GOAL OF THE EXERCISE:
Each entry should be repeated exactly. Its pictures should not be.

^^^^^^^^^^^^^^^^

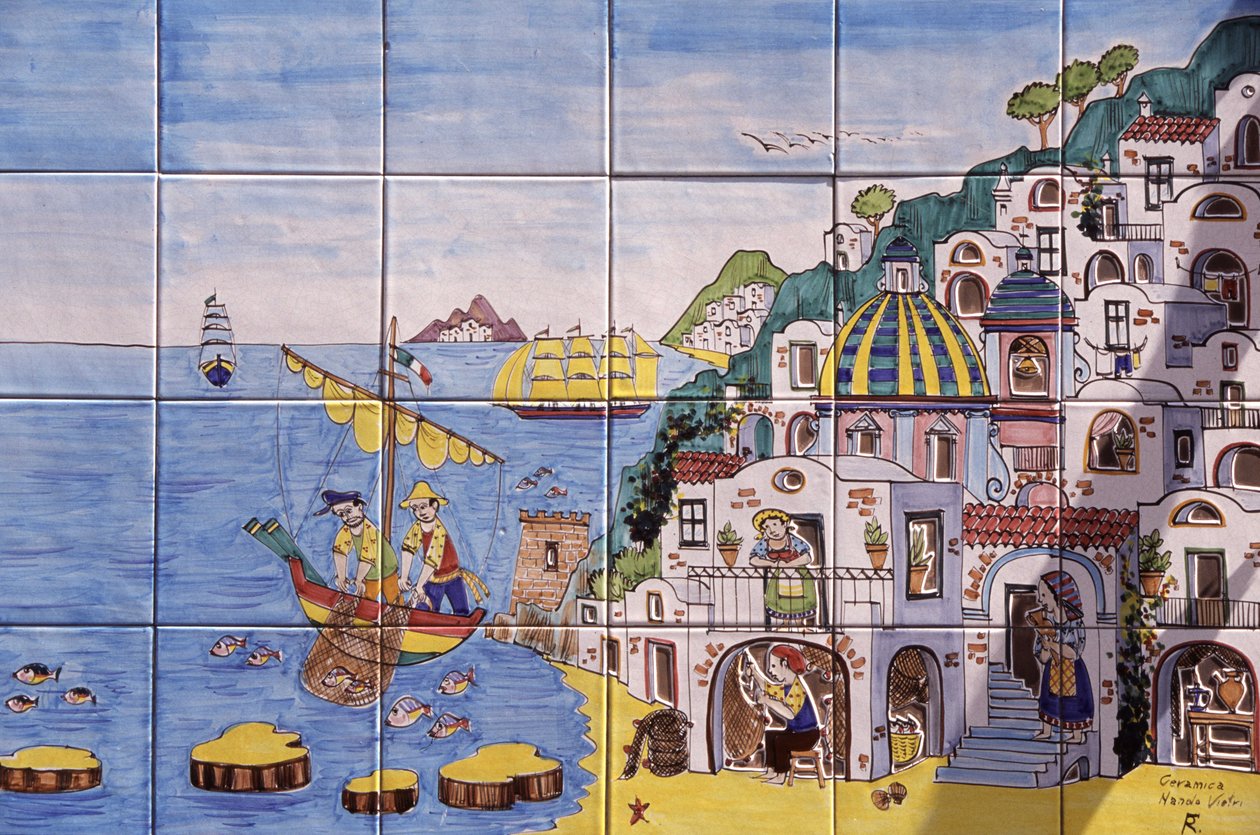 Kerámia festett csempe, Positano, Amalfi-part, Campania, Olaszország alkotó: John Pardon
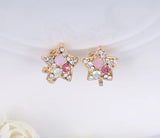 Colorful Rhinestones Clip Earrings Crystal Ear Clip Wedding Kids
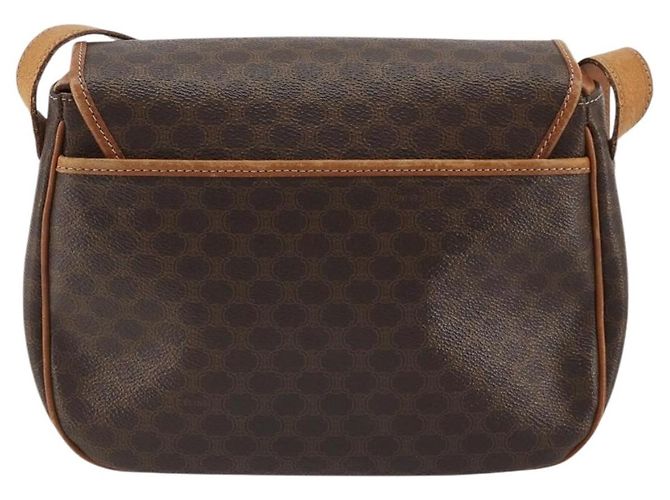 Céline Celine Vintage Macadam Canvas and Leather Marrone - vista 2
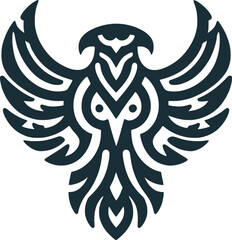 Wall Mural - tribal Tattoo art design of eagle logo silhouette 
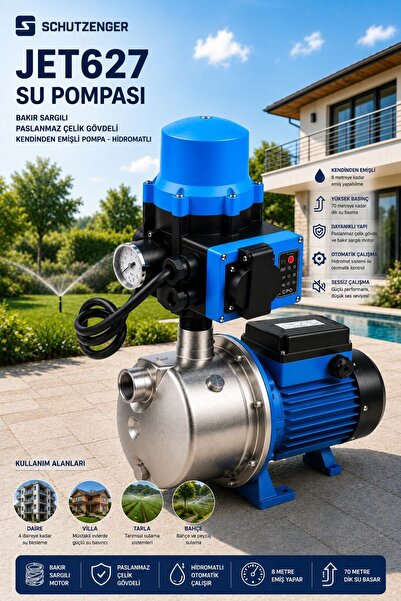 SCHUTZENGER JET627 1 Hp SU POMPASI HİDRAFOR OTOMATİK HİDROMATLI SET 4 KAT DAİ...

^^^^^^^^^^^^^^^^

TASK RESULT:
 Kerámia festett csempe, Positano, Amalfi-part, Campania, Olaszország alkotó: John Pardon
 Colorful Rhinestones Clip Earrings Crystal Ear Clip Wedding Kids
 Céline Celine Vintage Macadam Canvas and Leather Marrone - vista 2
 Wall Mural - tribal Tattoo art design of eagle logo silhouette 
 SCHUTZENGER JET627 1 Hp SU POMPASI HİDRAFOR OTOMATİK HİDROMATLI SET 4 KAT DAİ...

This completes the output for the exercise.